> [Exercise requirements]
The records that follow are to be repeated exactly, in full.

> [Supplied data]
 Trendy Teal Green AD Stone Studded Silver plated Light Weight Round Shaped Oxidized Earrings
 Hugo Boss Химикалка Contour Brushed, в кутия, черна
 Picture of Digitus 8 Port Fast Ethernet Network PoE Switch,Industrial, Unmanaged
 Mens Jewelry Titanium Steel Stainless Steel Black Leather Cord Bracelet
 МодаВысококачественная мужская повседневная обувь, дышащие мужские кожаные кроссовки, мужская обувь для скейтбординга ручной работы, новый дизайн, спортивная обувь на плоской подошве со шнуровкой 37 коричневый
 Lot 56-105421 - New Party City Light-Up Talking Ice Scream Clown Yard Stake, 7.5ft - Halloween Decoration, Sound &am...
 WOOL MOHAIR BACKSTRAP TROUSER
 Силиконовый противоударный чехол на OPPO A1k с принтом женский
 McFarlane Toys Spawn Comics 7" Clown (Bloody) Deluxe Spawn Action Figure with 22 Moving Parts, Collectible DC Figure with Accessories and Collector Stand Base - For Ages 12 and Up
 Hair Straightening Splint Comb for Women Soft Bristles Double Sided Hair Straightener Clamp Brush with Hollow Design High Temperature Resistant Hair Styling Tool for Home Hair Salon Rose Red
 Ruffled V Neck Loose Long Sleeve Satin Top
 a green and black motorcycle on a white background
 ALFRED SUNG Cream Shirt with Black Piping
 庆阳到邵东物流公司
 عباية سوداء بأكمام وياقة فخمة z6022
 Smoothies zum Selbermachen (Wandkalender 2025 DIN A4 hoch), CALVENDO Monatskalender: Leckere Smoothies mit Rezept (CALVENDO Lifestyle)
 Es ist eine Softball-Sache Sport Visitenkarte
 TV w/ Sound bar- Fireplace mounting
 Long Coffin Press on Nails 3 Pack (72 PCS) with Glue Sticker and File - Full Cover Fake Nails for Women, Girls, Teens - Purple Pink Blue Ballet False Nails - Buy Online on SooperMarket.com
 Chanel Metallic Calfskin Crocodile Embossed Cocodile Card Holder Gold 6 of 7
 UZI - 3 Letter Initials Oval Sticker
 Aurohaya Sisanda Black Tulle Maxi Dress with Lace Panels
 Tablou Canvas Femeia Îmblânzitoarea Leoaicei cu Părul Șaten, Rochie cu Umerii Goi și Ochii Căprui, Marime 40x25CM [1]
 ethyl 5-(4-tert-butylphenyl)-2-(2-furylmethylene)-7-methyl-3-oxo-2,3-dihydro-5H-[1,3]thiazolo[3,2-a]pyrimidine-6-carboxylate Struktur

> [Answer for the task]
 Trendy Teal Green AD Stone Studded Silver plated Light Weight Round Shaped Oxidized Earrings
 Hugo Boss Химикалка Contour Brushed, в кутия, черна
 Picture of Digitus 8 Port Fast Ethernet Network PoE Switch,Industrial, Unmanaged
 Mens Jewelry Titanium Steel Stainless Steel Black Leather Cord Bracelet
 МодаВысококачественная мужская повседневная обувь, дышащие мужские кожаные кроссовки, мужская обувь для скейтбординга ручной работы, новый дизайн, спортивная обувь на плоской подошве со шнуровкой 37 коричневый
 Lot 56-105421 - New Party City Light-Up Talking Ice Scream Clown Yard Stake, 7.5ft - Halloween Decoration, Sound &am...
 WOOL MOHAIR BACKSTRAP TROUSER
 Силиконовый противоударный чехол на OPPO A1k с принтом женский
 McFarlane Toys Spawn Comics 7" Clown (Bloody) Deluxe Spawn Action Figure with 22 Moving Parts, Collectible DC Figure with Accessories and Collector Stand Base - For Ages 12 and Up
 Hair Straightening Splint Comb for Women Soft Bristles Double Sided Hair Straightener Clamp Brush with Hollow Design High Temperature Resistant Hair Styling Tool for Home Hair Salon Rose Red
 Ruffled V Neck Loose Long Sleeve Satin Top
 a green and black motorcycle on a white background
 ALFRED SUNG Cream Shirt with Black Piping
 庆阳到邵东物流公司
 عباية سوداء بأكمام وياقة فخمة z6022
 Smoothies zum Selbermachen (Wandkalender 2025 DIN A4 hoch), CALVENDO Monatskalender: Leckere Smoothies mit Rezept (CALVENDO Lifestyle)
 Es ist eine Softball-Sache Sport Visitenkarte
 TV w/ Sound bar- Fireplace mounting
 Long Coffin Press on Nails 3 Pack (72 PCS) with Glue Sticker and File - Full Cover Fake Nails for Women, Girls, Teens - Purple Pink Blue Ballet False Nails - Buy Online on SooperMarket.com
 Chanel Metallic Calfskin Crocodile Embossed Cocodile Card Holder Gold 6 of 7
 UZI - 3 Letter Initials Oval Sticker
 Aurohaya Sisanda Black Tulle Maxi Dress with Lace Panels
 Tablou Canvas Femeia Îmblânzitoarea Leoaicei cu Părul Șaten, Rochie cu Umerii Goi și Ochii Căprui, Marime 40x25CM [1]
 ethyl 5-(4-tert-butylphenyl)-2-(2-furylmethylene)-7-methyl-3-oxo-2,3-dihydro-5H-[1,3]thiazolo[3,2-a]pyrimidine-6-carboxylate Struktur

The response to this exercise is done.